Rant 51: The Revolting Student Abbi Torrance, Portrait 1 (Simone's political protest), 2009. Pencil on paper. 29cm x 21cm. Credit: Abbi Torrance

As students take to the capital's art galleries in protest against tuition fees and arts funding cuts, artist Jim Colquhoun questions the motives and the desired outcomes of this revolt. Are the protestors simply asking to be part of the elite?


I have some sympathy with revolting students and I understand their fury at the ongoing privatisation of education being perpetrated by the Tories and their lapdogs the Liberal Democrats.

I especially applaud the destruction of Tory HQ and I know I was not alone in experiencing a vicarious adrenalin spike as the building was trashed!

And yet . . . and yet

This all reminds me of current recipient of the Turner Prize Susan Philipsz.

Philipsz claims to have been an ‘activist’ in her teens and twenties but her political activity, it seems to me, sits uneasily within the framework of her current art practice.

Of course such a trajectory is not unusual i.e. from firebrand to establishment figurehead but what is really surprising is how little adverse comment this shift incurs.

It is as if this is expected and that Philipsz and others have simply woken up to the realpolitik and stopped being so bloody childish!

After all such an accolade will propel her into the upper echelons of the art trade and ensure her ability to work and live as an artist, a destination denied to the majority.

Which brings me neatly back to the current student ‘uprising’. I do wonder what took them so long and why their demands are, in the end, so laughably quotidian.

There is much talk of the parallels with May 1968 – the abortive uprising in France and elsewhere that (belatedly) brought the International Situationists to our attention – but really there is no valid comparison.

In May 68 there was a rejection by students of bourgeois individualism and allied notions of careerism, professionalism, family and other juicy manifestations of ‘the spectacle’.

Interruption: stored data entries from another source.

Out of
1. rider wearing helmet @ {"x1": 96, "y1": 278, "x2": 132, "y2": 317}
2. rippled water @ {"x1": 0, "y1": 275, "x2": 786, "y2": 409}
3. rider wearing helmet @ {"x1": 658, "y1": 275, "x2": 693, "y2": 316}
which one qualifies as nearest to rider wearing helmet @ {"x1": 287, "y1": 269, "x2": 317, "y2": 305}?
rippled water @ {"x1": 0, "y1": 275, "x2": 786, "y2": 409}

In 2010 what we have is a rather meek and self-serving request to be ‘included’ in an avowedly middle-class trajectory that leads towards materialism, workerist ‘job satisfaction’, arse-licking corporatism and in the case of the ‘successful’ artist, a chance to hobnob with the great and the good.

So the students mildly demonstrating in the room adjacent to the Turner Prize party were, in reality, demanding their right to be included in that sickening art jamboree.

And no doubt they will get their wish.


Contributed by Jim Colquhoun

Jim Colquhoun is an artist based in Glasgow.